By Valur Emilsson, Valborg Gudmundsdottir, Marjan Ilkov, James R. Staley, Alexander Gudjonsson, Elias F. Gudmundsson, Lenore J. Launer, Jan H. Lindeman, Nicholas M. Morton, Thor Aspelund, John R. Lamb, Lori L. Jennings, Vilmundur Gudnason

Posted 08 May 2020
bioRxiv DOI: 10.1101/2020.05.06.080440

Circulating proteins are prognostic for human outcomes including cancer, heart failure, brain trauma and brain amyloid plaque burden. A deep serum proteome survey recently revealed close associations of serum protein networks and common diseases. The present study reveals unprecedented number of individual serum proteins that overlap genetic signatures of diseases emanating from different tissues of the body. Here, 55,932 low-frequency and common exome-array variants were compared with 4782 protein measurements in the serum of 5457 individuals of the deeply annotated AGES Reykjavik cohort. At a Bonferroni adjusted P-value threshold < 2.16E-10, 5553 variants affecting levels of 1931 serum proteins were detected.
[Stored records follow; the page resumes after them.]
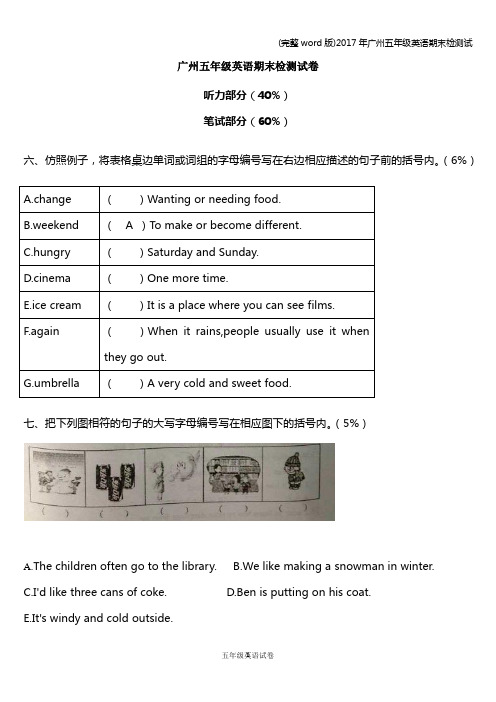 (完整word版)2017年广州五年级英语期末检测试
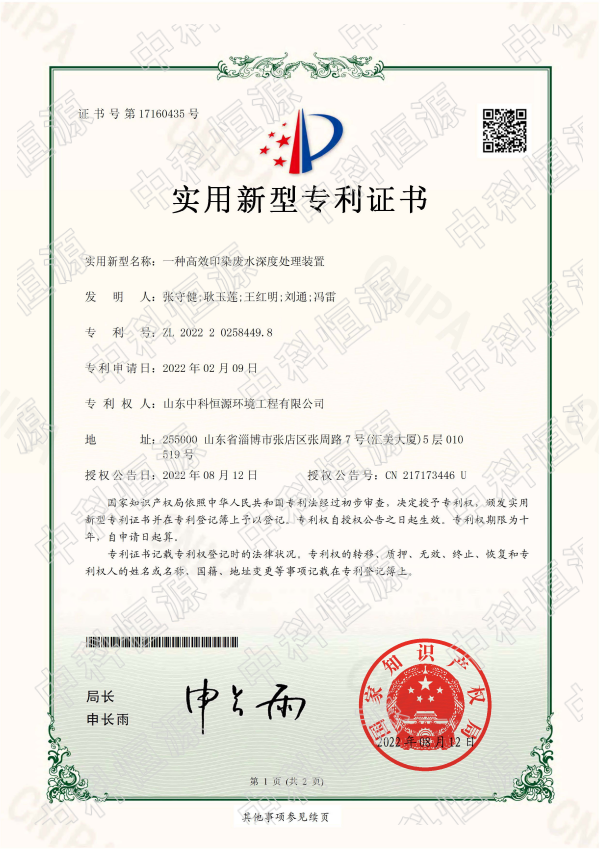 乐动体育在线注册官方网站资质202311 62.png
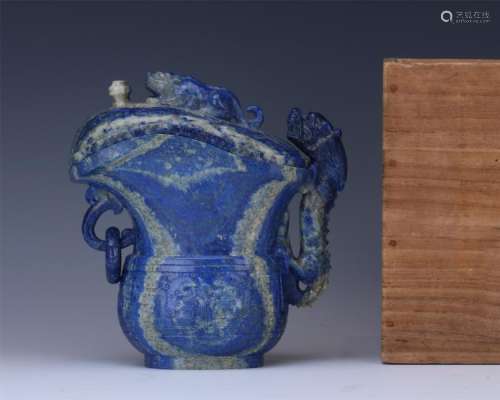 CHINESE LAPIS BEAST LIDDED GONG CUP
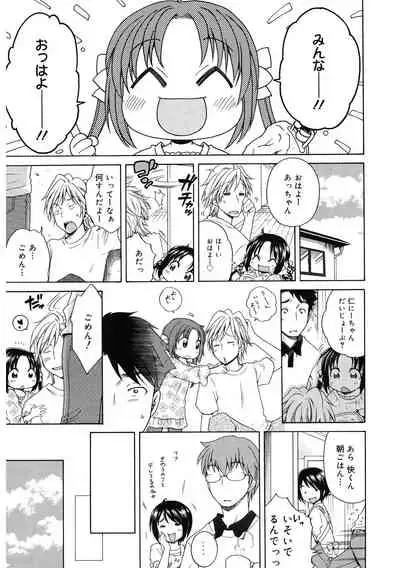 [Anthology] LQ -Little Queen- Vol. 41 [Digital]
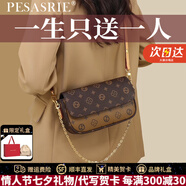 柏薩尼（PESASRIE）輕奢品牌包包女款2025新款斜跨單肩包百搭鏈條小包情人節七夕禮物 咖色【全國十倉/當次日達】 限定禮盒包裝送女友送老婆送母親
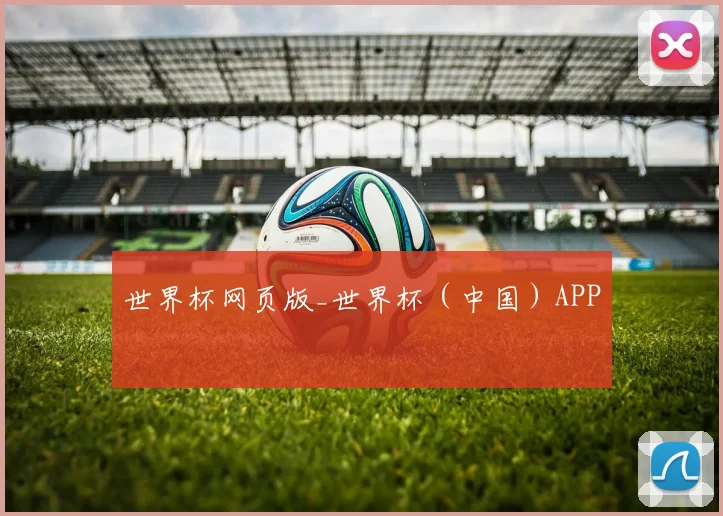 世界杯网页版_世界杯（中国）APP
These associated variants overlapped genetic loci for hundreds of complex disease traits, emphasizing the emerging role for serum proteins as biomarkers of and potential causative agents of multiple diseases. ### Competing Interest Statement J.R.L. and L.L.J. was and is, respectively, employees of and own stocks in Novartis. All other authors declare they have no competing interests.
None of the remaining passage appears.